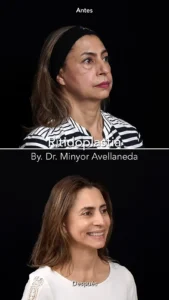 Ritidoplastia - Dr. Minyor Avellaneda Mujer sonriendo satisfecha tras su procedimiento de ritidoplastia en Bogotá en la clínica del Dr. Avellaneda.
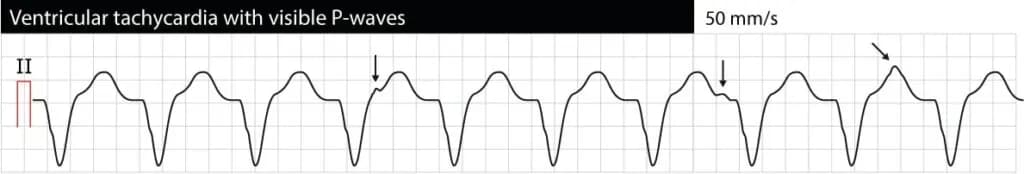 Figure 1. Monomorphic ventricular tachycardia (VT, VTach). P-waves are visible but they do not have any relation to the QRS complexes. This situation is referred to as "AV dissociation" and indicates that atrial and ventricular activity and independent. AV dissociation confirms that the arrhythmia is ventricular tachycardia. However, AV dissociation is frequently difficult to spot.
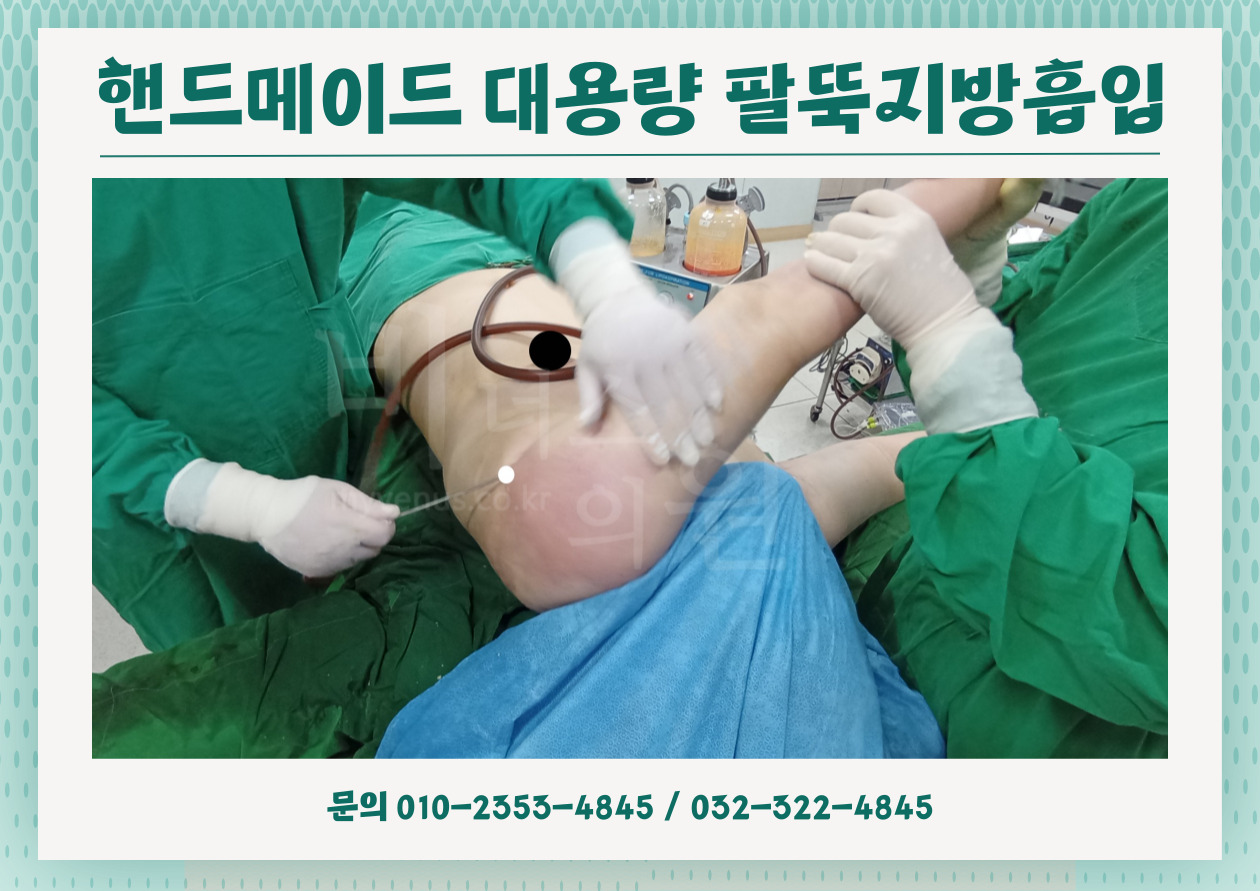 핸드메이드 팔뚝지방흡입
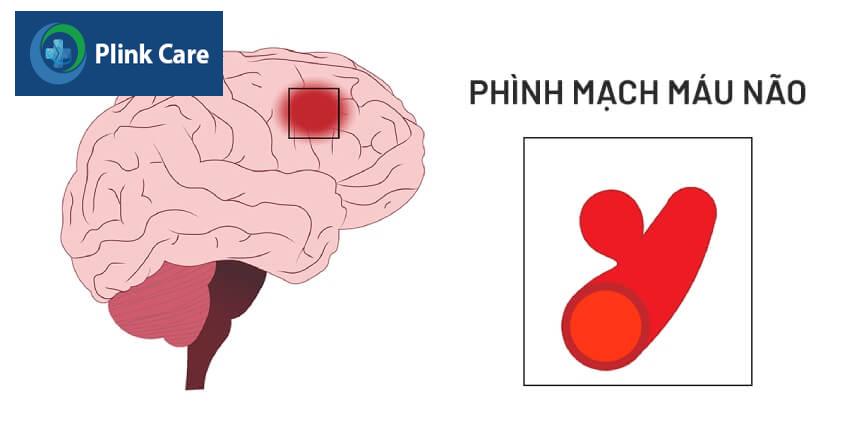 cách điều trị bệnh phình mạch máu não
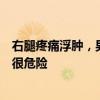 右腿疼痛浮腫，男子確診靜脈血栓！醫(yī)生提醒：揉腿、拍打很危險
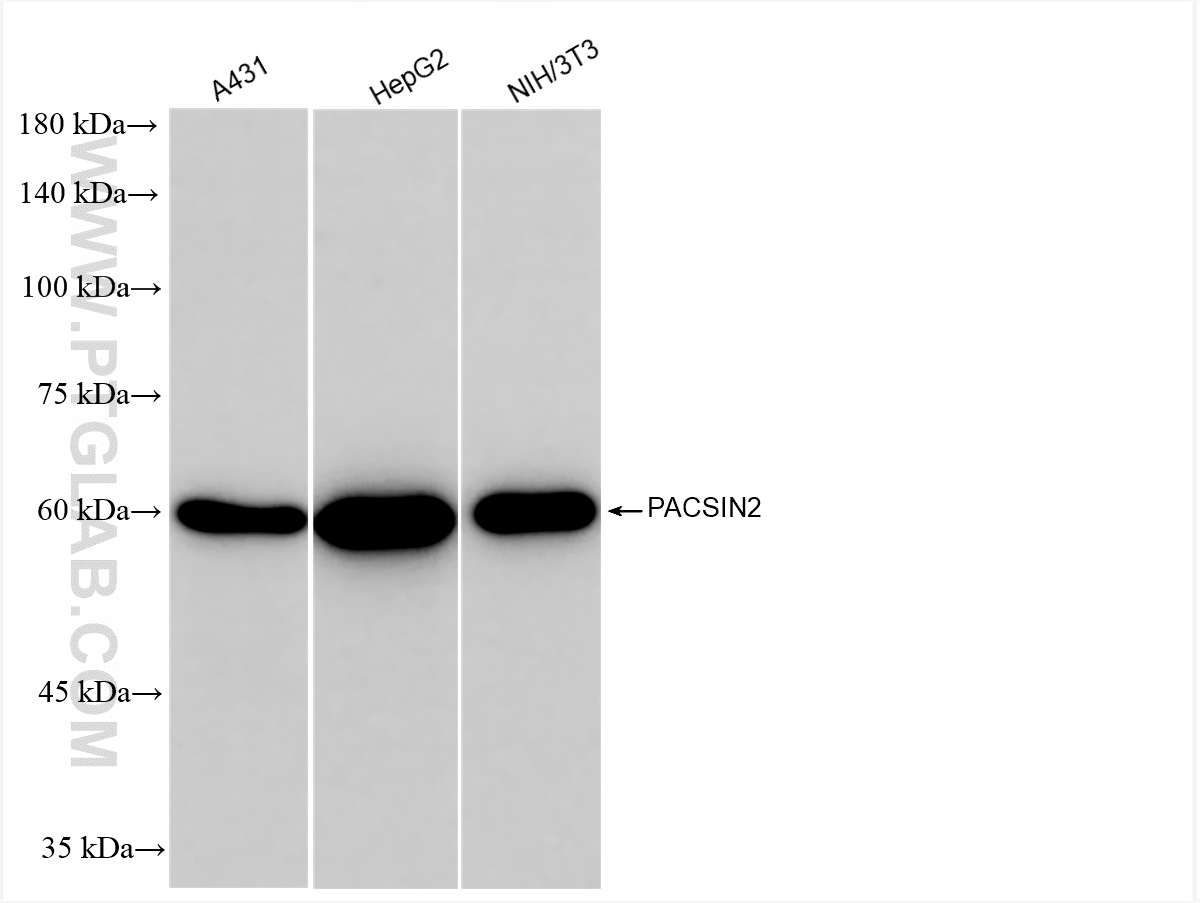 WB analysis using 84763-4-RR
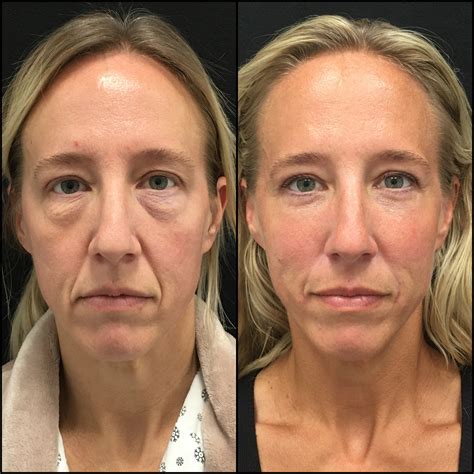 Lower Blepharoplasty Before & After Photos | Flora Levin MD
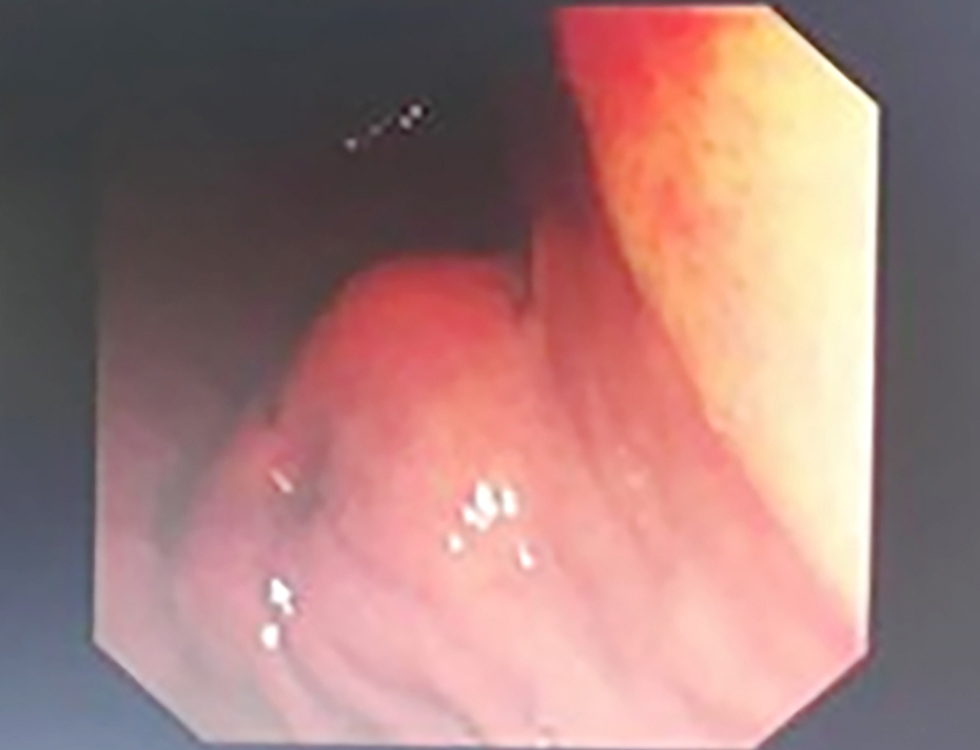 <strong>Figure 2 - Endoscopic view of the gastric antrum: Endoscopic image showing the gastric mucosa with potential submucosal lesion suspicious for GIST. (SCV: Scope Channel View; C:N Br:A1 G:O refers to endoscopic coordinates and settings with C:N indicating Color/Normal mode, Br:A1 indicating Brightness level A1, and G:O indicating Gain/Offset settings)</strong>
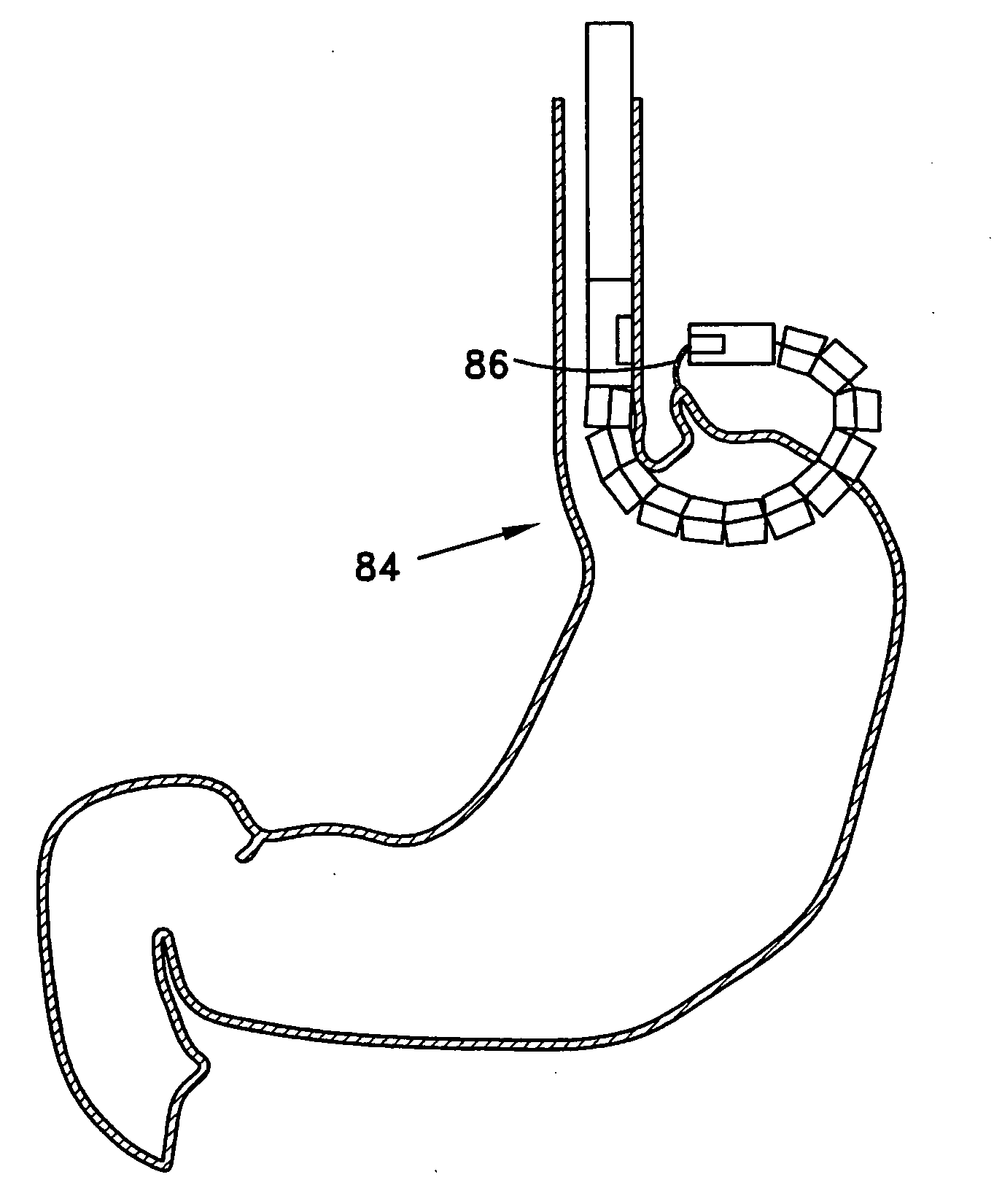 Transgastric method for carrying out a partial fundoplication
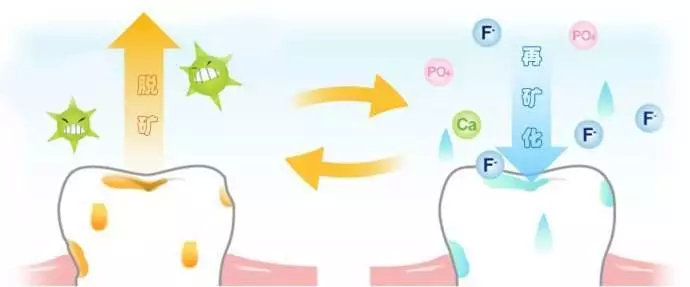 牙齿脱矿涂氟多久可以恢复,牙齿脱矿白斑能自己恢复吗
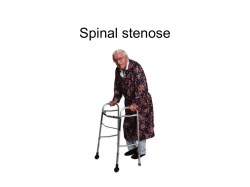 Spinal stenose Lars Grøvle
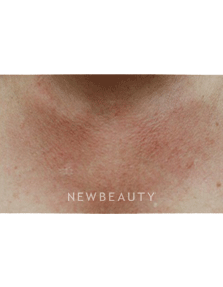 Dr. Beer Laser Treatment - Before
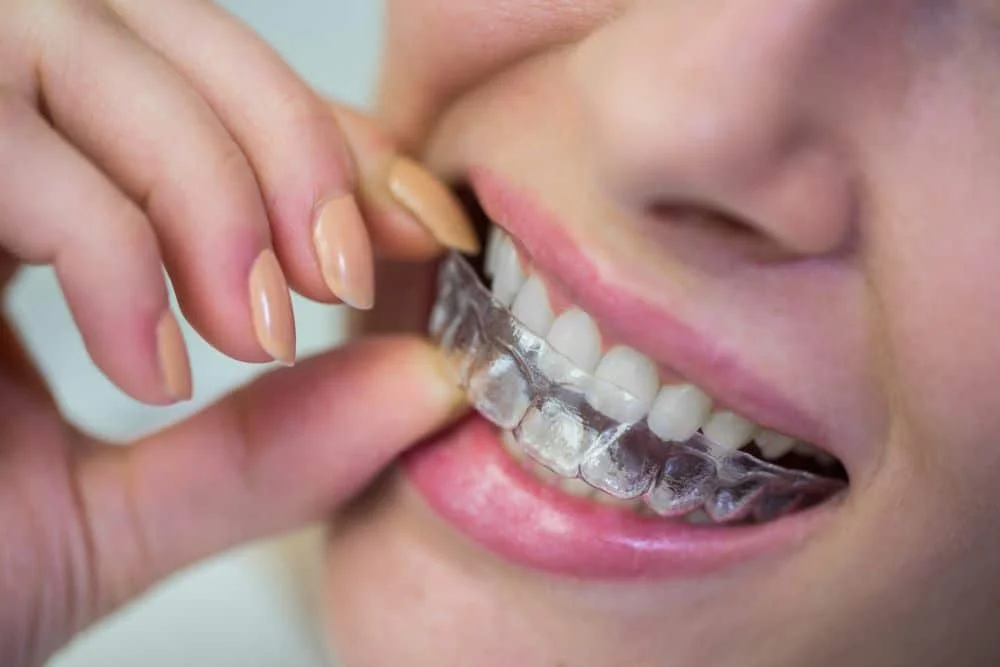 Read more about the article Invisalign vs Braces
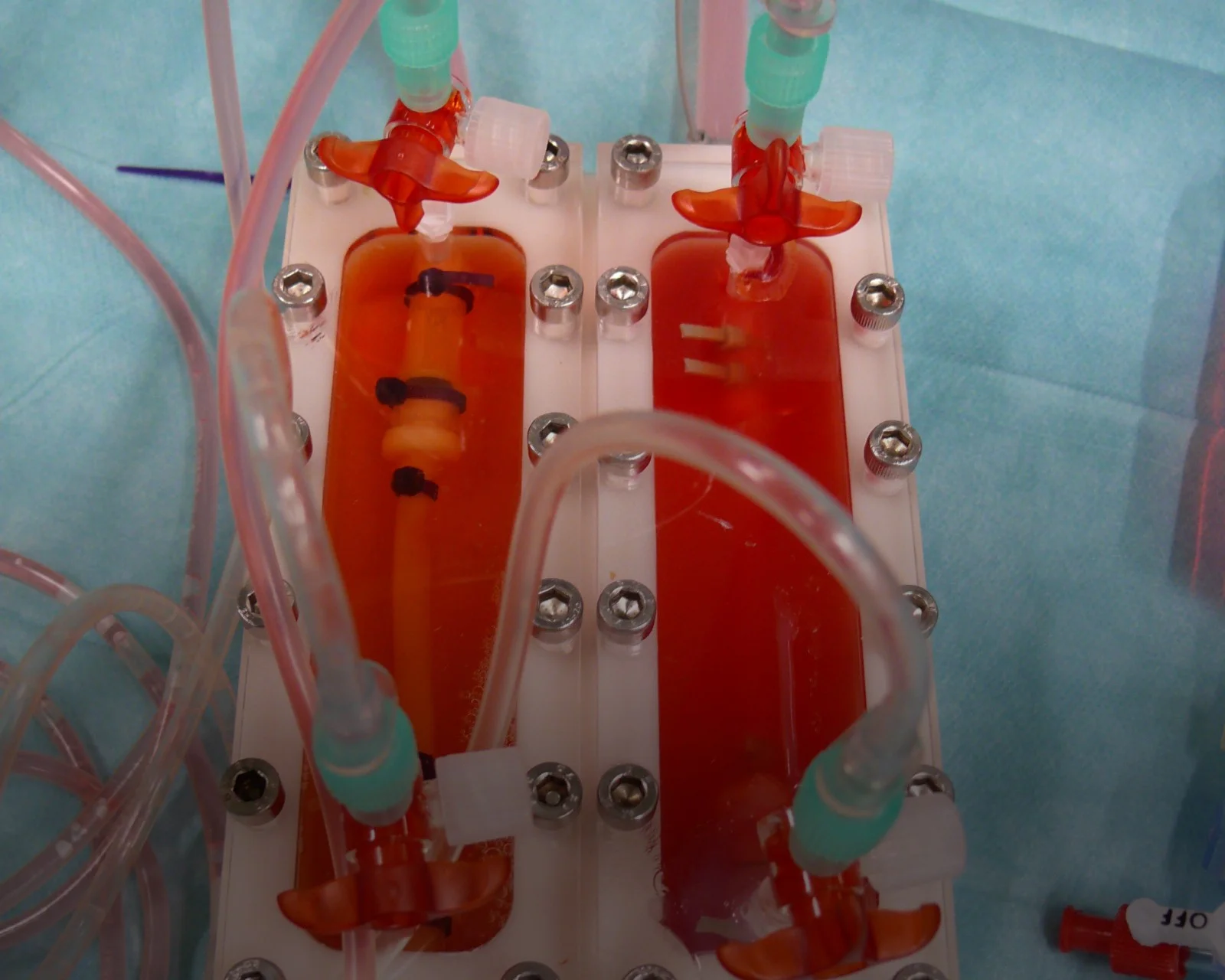 Regenerating Organs for Transplant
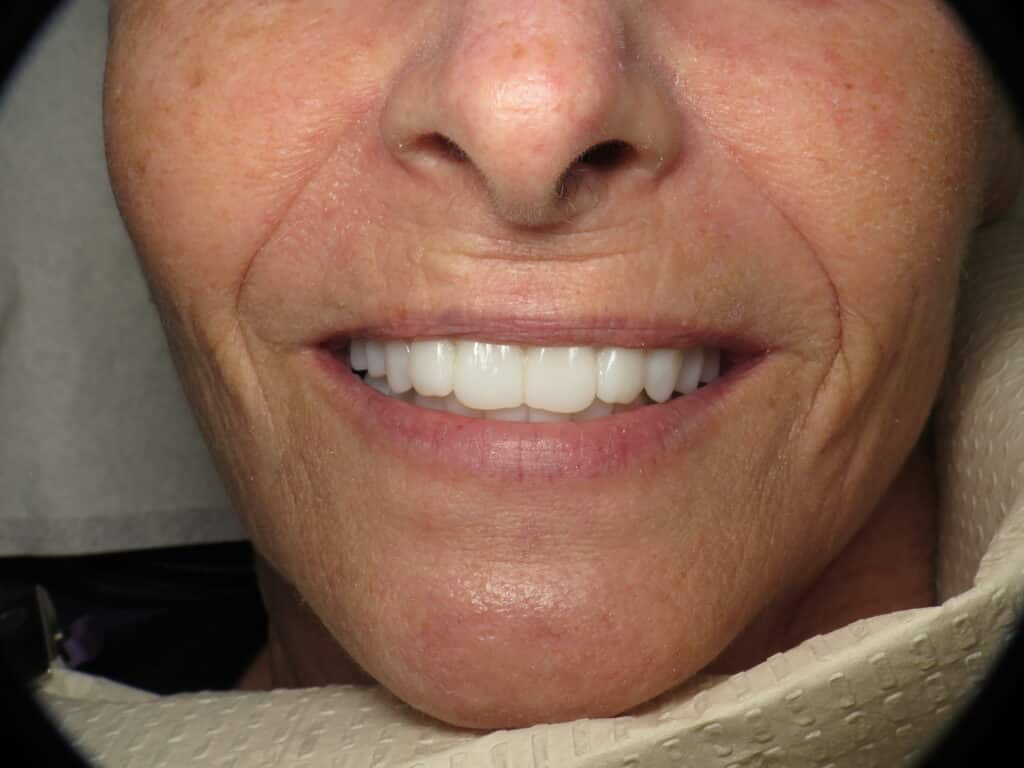 After photo of patient smiling with all on 4 implants and zygomatic implants by Dr. Ramsey Amin of Burbank Dental Implants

·····

# [YOUR TASK]
The listing above should be repeated word for word, with every image left out.

# [TASK ANSWER]
 Ritidoplastia - Dr. Minyor Avellaneda Mujer sonriendo satisfecha tras su procedimiento de ritidoplastia en Bogotá en la clínica del Dr. Avellaneda.
 Figure 1. Monomorphic ventricular tachycardia (VT, VTach). P-waves are visible but they do not have any relation to the QRS complexes. This situation is referred to as "AV dissociation" and indicates that atrial and ventricular activity and independent. AV dissociation confirms that the arrhythmia is ventricular tachycardia. However, AV dissociation is frequently difficult to spot.
 핸드메이드 팔뚝지방흡입
 cách điều trị bệnh phình mạch máu não
 右腿疼痛浮腫，男子確診靜脈血栓！醫(yī)生提醒：揉腿、拍打很危險
 WB analysis using 84763-4-RR
 Lower Blepharoplasty Before & After Photos | Flora Levin MD
 <strong>Figure 2 - Endoscopic view of the gastric antrum: Endoscopic image showing the gastric mucosa with potential submucosal lesion suspicious for GIST. (SCV: Scope Channel View; C:N Br:A1 G:O refers to endoscopic coordinates and settings with C:N indicating Color/Normal mode, Br:A1 indicating Brightness level A1, and G:O indicating Gain/Offset settings)</strong>
 Transgastric method for carrying out a partial fundoplication
 牙齿脱矿涂氟多久可以恢复,牙齿脱矿白斑能自己恢复吗
 Spinal stenose Lars Grøvle
 Dr. Beer Laser Treatment - Before
 Read more about the article Invisalign vs Braces
 Regenerating Organs for Transplant
 After photo of patient smiling with all on 4 implants and zygomatic implants by Dr. Ramsey Amin of Burbank Dental Implants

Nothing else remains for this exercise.